Presence/ Absence similarities

There are numerous similarity measures defined for simple species lists, i.e. when the data consist only of presence (1) or absence (0) of each species in each sample. Any similarity defined between samples 1 and 2 must then be a combination of only four numbers: $a$, the number of species present in both samples; $b$, the number present in 1 but absent from 2; $c$, the number absent in 1 but present in 2; $d$, the number absent from both. Clearly, the coefficient must be symmetric in $b$ and $c$, and the more biologically useful coefficients are also not a function of joint absences, $d$. There still remain a large number of options, of which PRIMER 7 calculates the following:

$S_1 = 100 \frac{a+d}{a+b+c+d} \text{\hspace{30mm} simple matching;} $

$S_2 = 100 \frac{a+d}{a+2b+2c+d} \text{\hspace{28mm} Rogers \& Tanimoto;} $

$S_5 = 25 \left[ \frac{a}{a+b} + \frac{a}{a+c} + \frac{d}{b+d} + \frac{d}{c+d} \right] \text{;} $

$S_6 = 100 \frac{a}{\sqrt{(a+b)(a+c)}} \times \frac{d}{\sqrt{(b+d)(c+d)}} \text{;} $

$S_7 = 100 \frac{a}{a+b+c} \text{\hspace{34mm} Jaccard;} $

$S_8 = 100 \frac{2a}{2a+b+c} \text{\hspace{33mm} Sørensen;} $

$S_{11} = 100 \frac{a}{a+b+c+d} \text{\hspace{30mm} Russell \& Rao;} $

$S_{13} = 50 \left[ \frac{a}{a+b} + \frac{a}{a+c} \right] \text{\hspace{25mm} Kulczynski (P/A);} $

$S_{14} = 100 \frac{a}{\sqrt{(a+b)(a+c)}} \text{\hspace{26mm} Ochiai (P/A);} $

$S_{26} = 100 \frac{a+(d/2)}{a+b+c+d} \text{\hspace{31mm} Faith;} $

A quantitative matrix input to one of these calculations will automatically be reduced to a simple array of 1’s and 0’s before computation.
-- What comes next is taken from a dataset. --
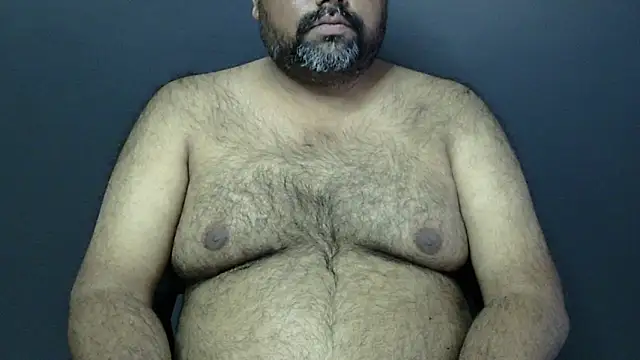 Snapshot of hairysubcub_70 chatting on January 2025 07:07:01 AM hairysubcub 70 online show from January 2025 07:07:01 AM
The most frequently met of the presence/absence measures are Sørensen, which is Bray-Curtis calculated on P/A data, and Jaccard – the definition shows how alike they are. In fact they are monotonically related (as one increases, so does the other), so the procedures in PRIMER which are based only on rank values of the coefficients (i.e. most of them: nMDS, ANOSIM, BEST, RELATE etc, in our largely non-parametric approach to resemblance matrix analysis) will give exactly the same outcome for these two coefficients.